Exercise objective:
Please return every line from the entries that has the string "shower" in it.

Information provided:
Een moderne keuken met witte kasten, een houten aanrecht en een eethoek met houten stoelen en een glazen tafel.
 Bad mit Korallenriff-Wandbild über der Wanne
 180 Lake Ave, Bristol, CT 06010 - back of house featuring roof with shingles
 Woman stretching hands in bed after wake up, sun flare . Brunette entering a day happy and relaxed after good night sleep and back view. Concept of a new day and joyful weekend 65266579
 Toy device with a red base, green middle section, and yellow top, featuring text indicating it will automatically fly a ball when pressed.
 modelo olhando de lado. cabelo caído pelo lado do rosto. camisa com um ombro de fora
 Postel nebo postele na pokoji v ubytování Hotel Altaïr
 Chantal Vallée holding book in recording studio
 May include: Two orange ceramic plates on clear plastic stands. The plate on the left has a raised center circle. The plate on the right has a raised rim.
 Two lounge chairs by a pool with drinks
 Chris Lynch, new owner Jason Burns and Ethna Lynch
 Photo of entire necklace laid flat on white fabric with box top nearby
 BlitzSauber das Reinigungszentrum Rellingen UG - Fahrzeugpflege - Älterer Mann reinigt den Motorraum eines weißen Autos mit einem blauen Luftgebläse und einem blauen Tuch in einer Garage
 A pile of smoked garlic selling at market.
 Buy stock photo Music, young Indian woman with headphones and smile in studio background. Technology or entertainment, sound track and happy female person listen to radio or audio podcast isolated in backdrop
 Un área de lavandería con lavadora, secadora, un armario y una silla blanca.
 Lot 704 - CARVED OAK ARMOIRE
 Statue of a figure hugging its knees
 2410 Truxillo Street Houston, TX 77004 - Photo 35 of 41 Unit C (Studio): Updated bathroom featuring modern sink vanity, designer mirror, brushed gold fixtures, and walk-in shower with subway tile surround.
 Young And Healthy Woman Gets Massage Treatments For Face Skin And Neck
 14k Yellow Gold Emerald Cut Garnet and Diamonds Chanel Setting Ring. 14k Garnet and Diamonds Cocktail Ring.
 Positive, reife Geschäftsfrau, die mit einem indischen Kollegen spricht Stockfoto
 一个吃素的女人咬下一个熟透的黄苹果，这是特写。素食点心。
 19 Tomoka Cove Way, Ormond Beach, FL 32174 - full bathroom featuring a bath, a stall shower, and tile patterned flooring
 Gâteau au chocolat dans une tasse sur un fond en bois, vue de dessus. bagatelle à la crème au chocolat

Task answer:
 2410 Truxillo Street Houston, TX 77004 - Photo 35 of 41 Unit C (Studio): Updated bathroom featuring modern sink vanity, designer mirror, brushed gold fixtures, and walk-in shower with subway tile surround.
 19 Tomoka Cove Way, Ormond Beach, FL 32174 - full bathroom featuring a bath, a stall shower, and tile patterned flooring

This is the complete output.